* [Task item]: Treat the line with "CLAPETA ACCELERATIE VOLVO" as the starting point. Write it out and every line after it through the end of the listing below, exactly.

***

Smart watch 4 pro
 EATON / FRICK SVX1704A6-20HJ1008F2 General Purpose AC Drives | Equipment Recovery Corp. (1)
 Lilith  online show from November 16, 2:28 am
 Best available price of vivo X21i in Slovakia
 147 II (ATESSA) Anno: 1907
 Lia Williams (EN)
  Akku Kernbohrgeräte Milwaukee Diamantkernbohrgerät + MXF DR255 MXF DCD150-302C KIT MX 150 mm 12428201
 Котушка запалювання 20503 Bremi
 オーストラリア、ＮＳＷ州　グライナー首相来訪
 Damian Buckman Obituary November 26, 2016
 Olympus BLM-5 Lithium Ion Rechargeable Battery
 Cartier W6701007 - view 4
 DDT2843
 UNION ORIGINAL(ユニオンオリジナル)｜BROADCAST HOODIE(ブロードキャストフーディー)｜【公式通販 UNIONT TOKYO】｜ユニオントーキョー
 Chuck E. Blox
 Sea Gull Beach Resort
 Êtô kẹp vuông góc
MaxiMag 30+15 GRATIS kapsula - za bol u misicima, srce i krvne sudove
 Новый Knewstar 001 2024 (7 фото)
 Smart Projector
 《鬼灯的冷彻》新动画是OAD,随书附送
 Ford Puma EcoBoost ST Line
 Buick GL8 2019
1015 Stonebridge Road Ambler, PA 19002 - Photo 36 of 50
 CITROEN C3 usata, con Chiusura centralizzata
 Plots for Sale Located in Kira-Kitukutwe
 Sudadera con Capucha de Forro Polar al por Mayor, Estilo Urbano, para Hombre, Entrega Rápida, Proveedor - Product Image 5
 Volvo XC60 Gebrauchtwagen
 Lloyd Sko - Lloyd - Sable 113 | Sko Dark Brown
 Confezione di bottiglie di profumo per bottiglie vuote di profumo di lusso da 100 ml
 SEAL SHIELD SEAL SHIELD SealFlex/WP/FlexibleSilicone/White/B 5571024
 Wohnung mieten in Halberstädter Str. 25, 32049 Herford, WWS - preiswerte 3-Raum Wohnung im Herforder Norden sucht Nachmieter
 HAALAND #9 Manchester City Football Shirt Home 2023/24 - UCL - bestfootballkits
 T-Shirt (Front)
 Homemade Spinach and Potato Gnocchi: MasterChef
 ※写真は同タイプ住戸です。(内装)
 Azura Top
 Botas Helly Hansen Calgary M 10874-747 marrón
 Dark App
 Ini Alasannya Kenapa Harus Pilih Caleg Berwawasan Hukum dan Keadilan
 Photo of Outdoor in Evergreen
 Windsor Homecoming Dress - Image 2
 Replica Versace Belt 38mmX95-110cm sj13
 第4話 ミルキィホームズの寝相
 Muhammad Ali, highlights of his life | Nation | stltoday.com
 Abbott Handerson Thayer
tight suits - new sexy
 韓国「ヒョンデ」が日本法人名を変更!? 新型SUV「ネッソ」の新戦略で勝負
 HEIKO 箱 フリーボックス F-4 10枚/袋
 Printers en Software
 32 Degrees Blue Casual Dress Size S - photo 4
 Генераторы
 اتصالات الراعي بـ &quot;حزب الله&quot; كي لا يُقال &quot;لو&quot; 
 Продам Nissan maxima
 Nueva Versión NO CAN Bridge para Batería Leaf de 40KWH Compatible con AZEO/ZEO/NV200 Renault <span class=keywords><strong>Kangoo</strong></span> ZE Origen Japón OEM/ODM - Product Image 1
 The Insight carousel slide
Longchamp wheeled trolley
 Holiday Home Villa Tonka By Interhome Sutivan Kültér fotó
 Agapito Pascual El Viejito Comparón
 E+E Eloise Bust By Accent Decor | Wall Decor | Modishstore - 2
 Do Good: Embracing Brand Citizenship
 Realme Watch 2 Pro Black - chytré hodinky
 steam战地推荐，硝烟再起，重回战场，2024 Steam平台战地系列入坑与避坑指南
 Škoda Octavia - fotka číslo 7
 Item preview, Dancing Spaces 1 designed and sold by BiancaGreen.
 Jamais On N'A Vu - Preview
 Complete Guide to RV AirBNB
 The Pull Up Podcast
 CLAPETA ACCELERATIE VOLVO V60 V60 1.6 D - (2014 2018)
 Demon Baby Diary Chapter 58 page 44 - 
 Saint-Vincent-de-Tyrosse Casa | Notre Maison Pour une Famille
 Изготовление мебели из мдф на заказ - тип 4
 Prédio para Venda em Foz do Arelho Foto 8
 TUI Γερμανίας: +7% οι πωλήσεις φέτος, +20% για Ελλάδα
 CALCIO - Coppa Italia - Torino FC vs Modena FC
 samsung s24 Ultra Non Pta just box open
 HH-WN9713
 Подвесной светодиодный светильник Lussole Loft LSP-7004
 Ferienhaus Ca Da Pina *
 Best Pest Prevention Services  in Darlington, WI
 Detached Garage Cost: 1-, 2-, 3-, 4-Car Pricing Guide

***

* [The answer]:
 CLAPETA ACCELERATIE VOLVO V60 V60 1.6 D - (2014 2018)
 Demon Baby Diary Chapter 58 page 44 - 
 Saint-Vincent-de-Tyrosse Casa | Notre Maison Pour une Famille
 Изготовление мебели из мдф на заказ - тип 4
 Prédio para Venda em Foz do Arelho Foto 8
 TUI Γερμανίας: +7% οι πωλήσεις φέτος, +20% για Ελλάδα
 CALCIO - Coppa Italia - Torino FC vs Modena FC
 samsung s24 Ultra Non Pta just box open
 HH-WN9713
 Подвесной светодиодный светильник Lussole Loft LSP-7004
 Ferienhaus Ca Da Pina *
 Best Pest Prevention Services  in Darlington, WI
 Detached Garage Cost: 1-, 2-, 3-, 4-Car Pricing Guide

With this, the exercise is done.